VENTURAS E DESVENTURAS DOS SOVIÉTICOS
Diz a piada – ou história verdadeira – que o premiê russo Leonid Brejnev convidou a mãe, camponesa, para visitá-lo em Moscou. Mostrou os palácios, seu apartamento, casa de campo e o carrão. Ela, quieta, no domingo pediu para voltar, de trem, para alimentar as galinhas do sítio. Brejnev perguntou: “Mãe, o que achou de tudo?”, e ela: “Querido, sempre soube da tua capacidade, não imaginei que fosses tão longe, parabéns. Mas não tens medo que venha o comunismo e te tire tudo isso?”.
OS PARADOXOS DA REVOLUÇÃO RUSSA (Alta Books, 156 páginas), de Paulo Fagundes Visentini, consagrado historiador e professor-doutor em História pela USP, com pós na London School of Economics, mostra a ascensão e queda do socialismo soviético (1917-1991) e traz novas teses sobre o stalinismo, as guerras e a queda da URSS. Visentini é titular em Relações Internacionais da UFRGS, escreveu vários livros sobre História Mundial Contemporânea e, no ano em que se registra a passagem dos 100 anos da Revolução de 1917, traz novas luzes sobre a mais impactante revolução do século XX.
Com erudição, profundidade, equilíbrio e linguagem acessível, o autor não analisa a revolução como boa ou má, como vencedora ou perdedora, de modo simplório ou maniqueísta.
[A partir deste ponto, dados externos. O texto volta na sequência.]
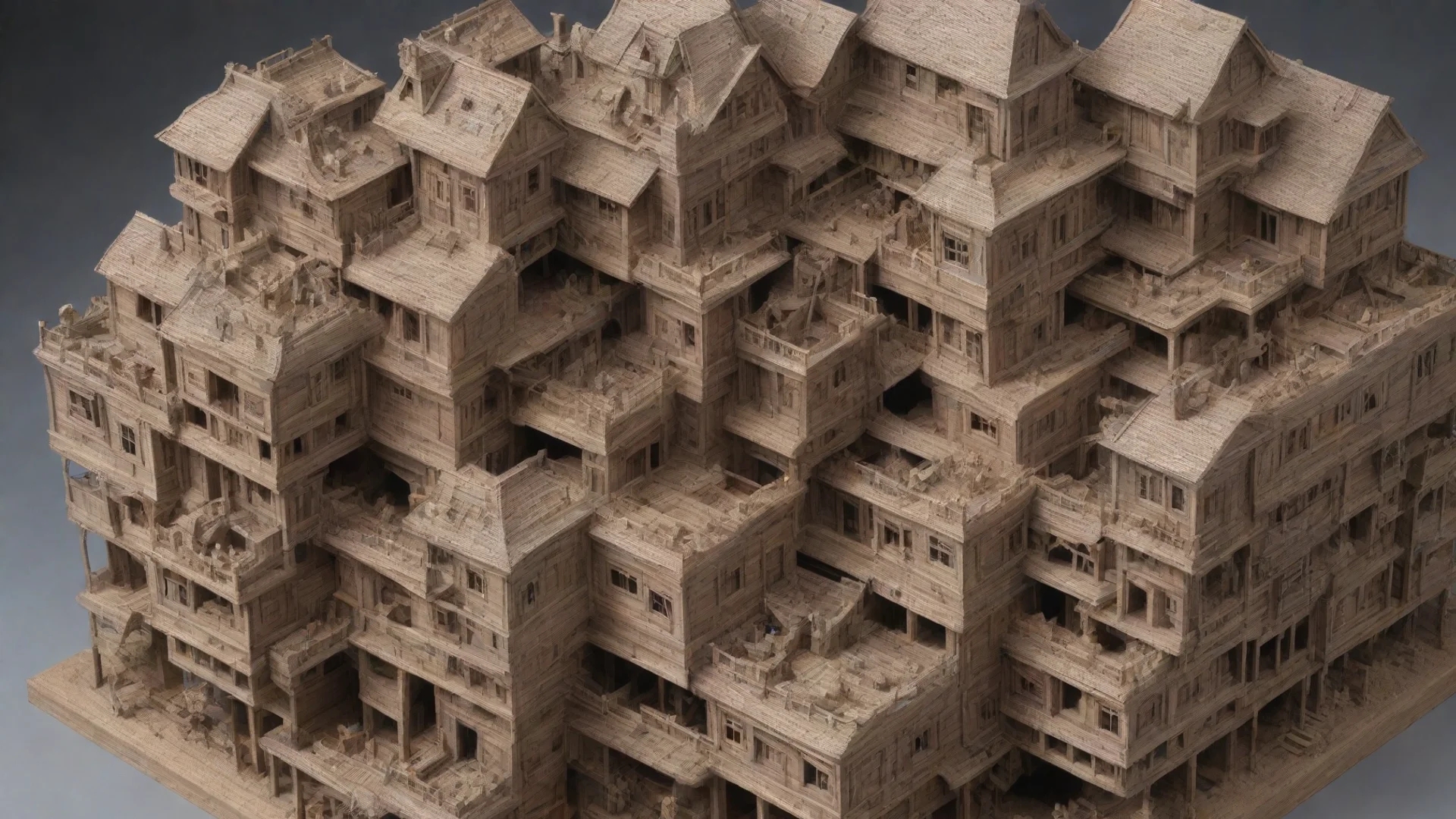 aiamazing a swarm of parts intertwined upside down escher paradox kitbash greeble timber construction building in a building socia awesome portrait 2 wide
Nos mostra os ganhos e as perdas, as venturas e desventuras da experiência soviética e como até agora influencia o mundo. Uns dizem que as ideias socialistas não deram certo em país nenhum, outros apontam que o socialismo sobrevive de forma adaptada ao capitalismo. O tema é complexo, pede análises mais profundas, como pretende Visentini, que se ocupou, de modo científico, a examinar os grandes paradoxos da revolução russa.
No final, diz o autor: “Ainda hoje, um século depois da Revolução Bolchevique e 25 anos depois da dissolução da URSS e do fim do socialismo soviético, carecemos de conhecimento básico e de análises históricas mais objetivas. O silêncio e a manipulação prejudicam a compreensão da história mundial e do estabelecimento de uma identidade dentro da nova Rússia. Não se pode simplesmente apagar um longo período histórico nem deixar de buscar sua compreensão. E o fato de haver sido derrotada, não diminui seu enorme impacto histórico e político mundial, que já foi julgado por muitos e compreendido por poucos, em todos os seus paradoxos”.
A mãe de Brejnev morreu preocupada. O guri se foi antes da queda, em 1982 deixando alguns anos dourados como lembrança.